Just reelected to his second (and final) term, City Comptroller Kenneth Mejia is a former Green Party activist who tried running for Congress a couple of times, cofounded a volunteer community organization providing food and hygiene items to Los Angeles’s homeless and low-income residents, and is also a member of the Los Angeles Tenants Union, which I only learned today is even a thing.
L.A. Public Express called Mejia “part of a wave of progressive candidates who won victory over establishment Democrats who ‘shunned’ him” during his first Comptroller campaign in 2022. He left the Democratic Party in 2024, due to the Biden administration’s military aid to Israel during that country’s so-called “genocide” in Gaza. “I couldn’t support a party that preferred to spend our tax dollars on bombs while Americans struggle to put food on the table,” he said at the time.
In other words, the 35-year-old is hardly a MAGA type. In any other context, I’d probably describe Mejia as a left-wing loon.
Nevertheless — and I found this tidbit to be an interesting piece of trivia — Mejia appears to be the only certified public accountant to serve as Comptroller. You’d think that having a CPA might almost be a prerequisite.
But here’s where it gets interesting. During his first term, Mejia looked into the city’s liability payments, particularly for the LAPD. It turns out, annual liability payouts are a $320 million black hole that’s more than tripled just since 2022. In a city with a [dr_evil_voice] ONE BILLION DOLLAR [/dr_evil_voice] deficit.
Talk about getting your antennae twitching, right? When government spending goes up like that, you’d think it would warrant some forensic accounting — even if, as I suspect, Mejia’s politics leave me cold.
But somebody (or somebodies) in Los Angeles apparently doesn’t want Mejia looking into the city’s soaring liabilities. According to a City Watch L.A. report, Mayor Bass’s budget cuts include “reducing positions tied to accounting, payroll approval, and financial reporting” in Mejia’s comptroller office, weakening “the city’s ability to monitor spending in real time, manage long-term fiscal planning, and maintain accountability when every dollar matters.”
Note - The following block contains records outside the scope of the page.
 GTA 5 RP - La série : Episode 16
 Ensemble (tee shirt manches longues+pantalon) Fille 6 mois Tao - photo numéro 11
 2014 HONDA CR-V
“In a detailed letter to the Commission, Mejia warned that the proposal could effectively decimate nearly 90 percent of the Controller’s Office, reducing it largely to an audit function and stripping it of the authority that provides day-to-day financial oversight,” the report continued.
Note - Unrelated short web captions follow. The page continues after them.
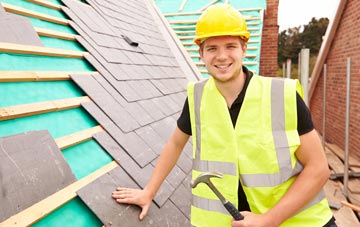 find trusted Rousky roofers in Omagh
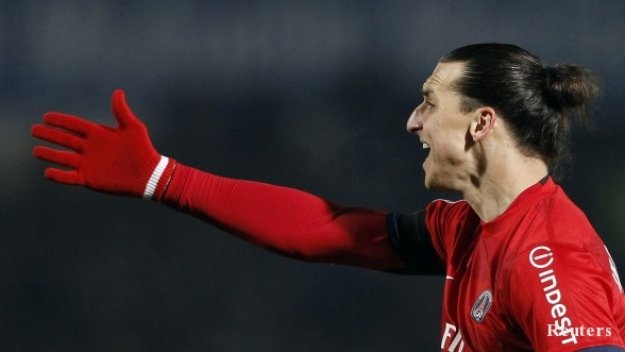 Ибра качи ПСЖ на върха и разплака Бордо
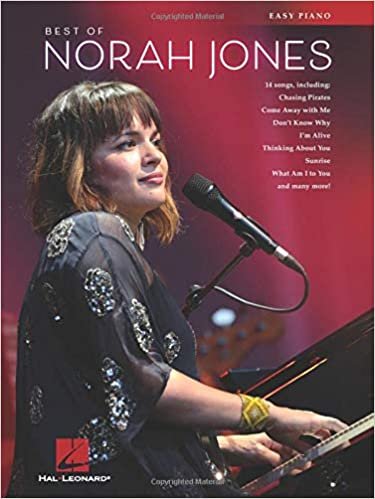 okumak Best of Norah Jones Easy Piano Songbook
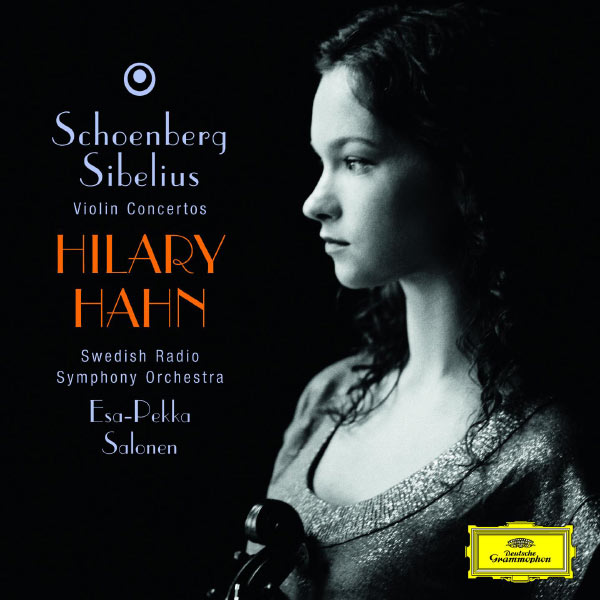 Hilary Hahn – Schoenberg Violin Concerto Sibelius Violin Concerto op.47(16Bit-44.1kHz)-OppsUpro音乐帝国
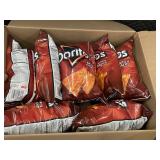 BP - Doritos Spicy Nacho 9.25 oz Bags, Bulk Lot - Best By 7/15/25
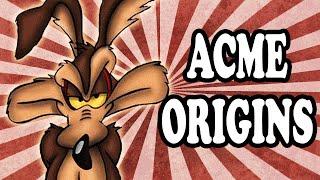 Where the Looney Tune’s “ACME” Corporation Name Came From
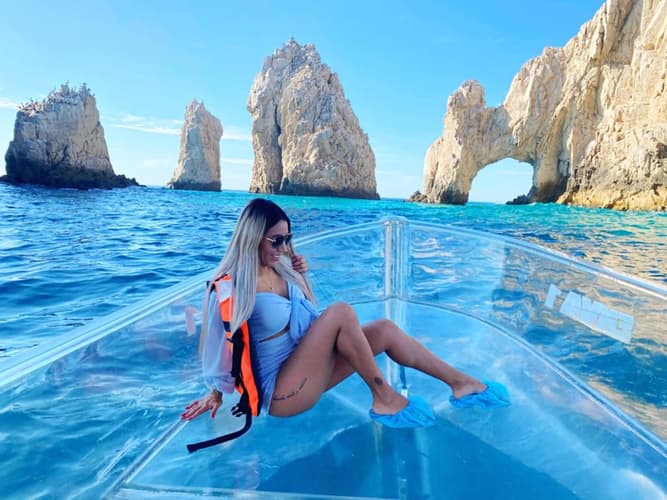 Imagen - VERANO EN LOS CABOS - HOTEL KRYSTAL GRAND - DBL - TODO INCLUIDO + TOUR AL ARCO EN BARCO FONDO CRISTAL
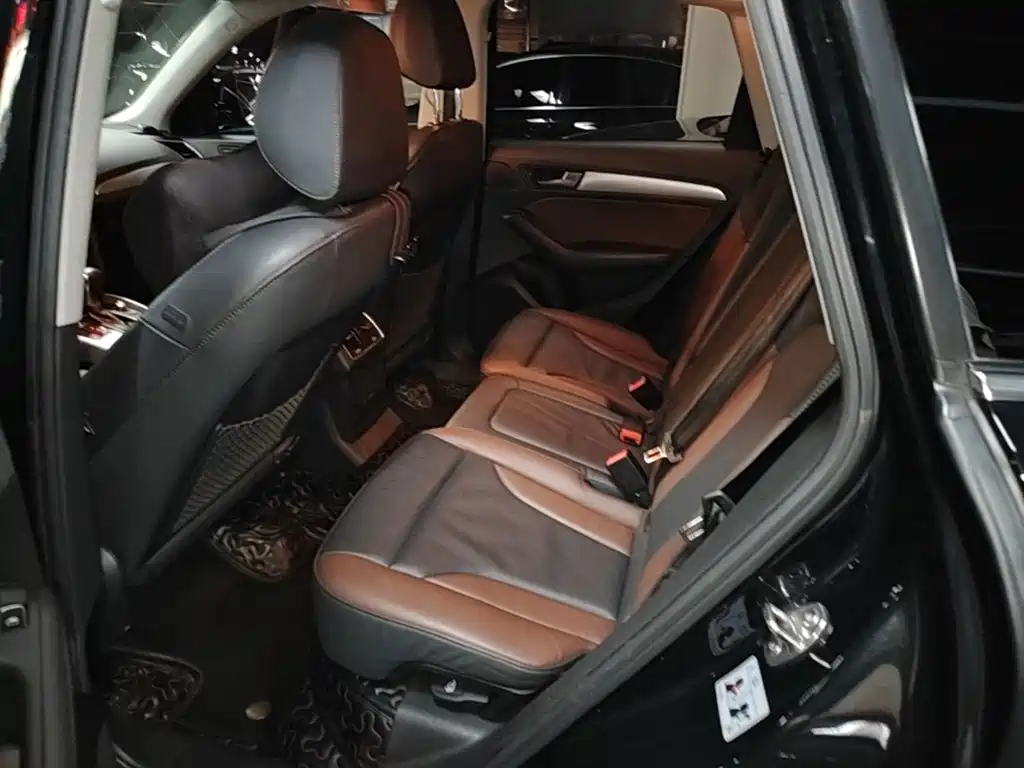 Audi Q5 — миниатюра 17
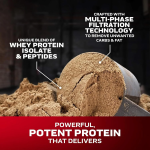 MuscleTech Proteína Nitro Tech 100% Whey Gold 5 Lbs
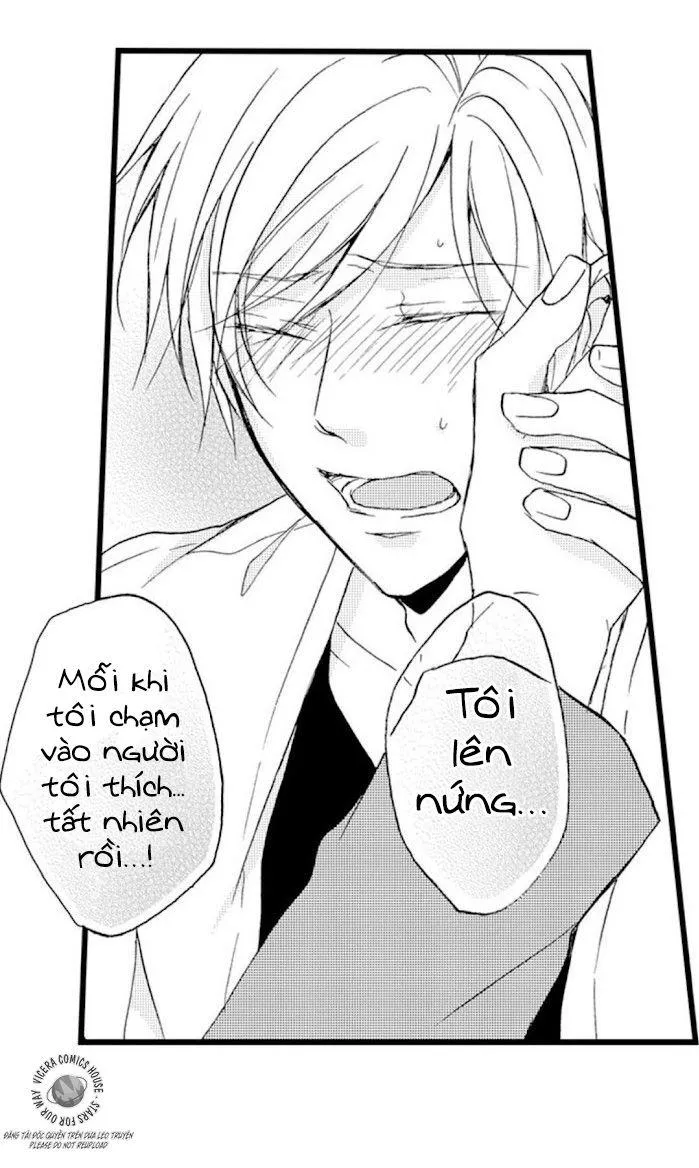 Kì Sinh Mãn Chapter 18 Trang 38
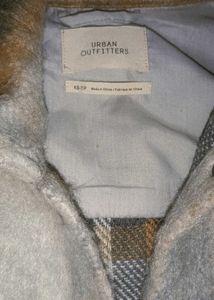 Urban Outfitters Shacket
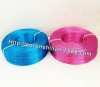 Heat Resistant Colored Magnet Wire Insulated Polyester Film Covered Aluminum Wire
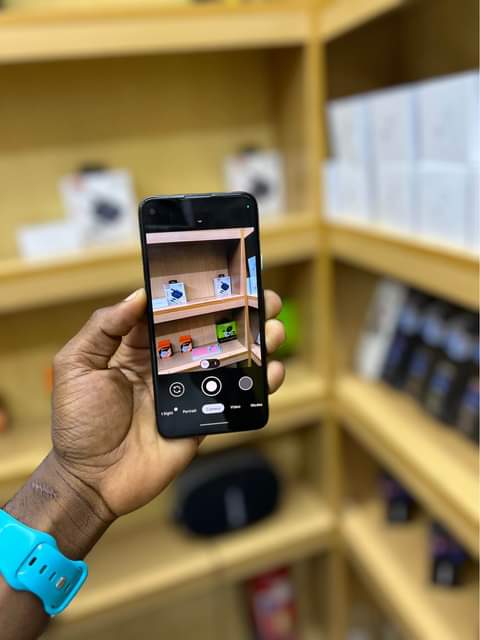A picture of GOOGLE PIXEL 4A GB128 RAM4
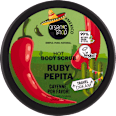 Hrejivý telový peeling Ruby Pepita organic shop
So in a city with a billion-dollar deficit, a sudden and seemingly unaccountable $230 million jump in liability payments will remain unaccounted for.
“People can understand what they’re getting out of the tax dollars on a monthly basis,” Mejia said during his reelection campaign. “But there are powers that be that are obviously not a fan of the radical transparency that we’re bringing on city finances and what City Hall is doing.”
Maybe there’s some perfectly innocent explanation for those soaring liability costs. But when City Hall makes it impossible even to just look into them, Angelenos have every reason to wonder.
“Forget it, Jake — it’s Chinatown.”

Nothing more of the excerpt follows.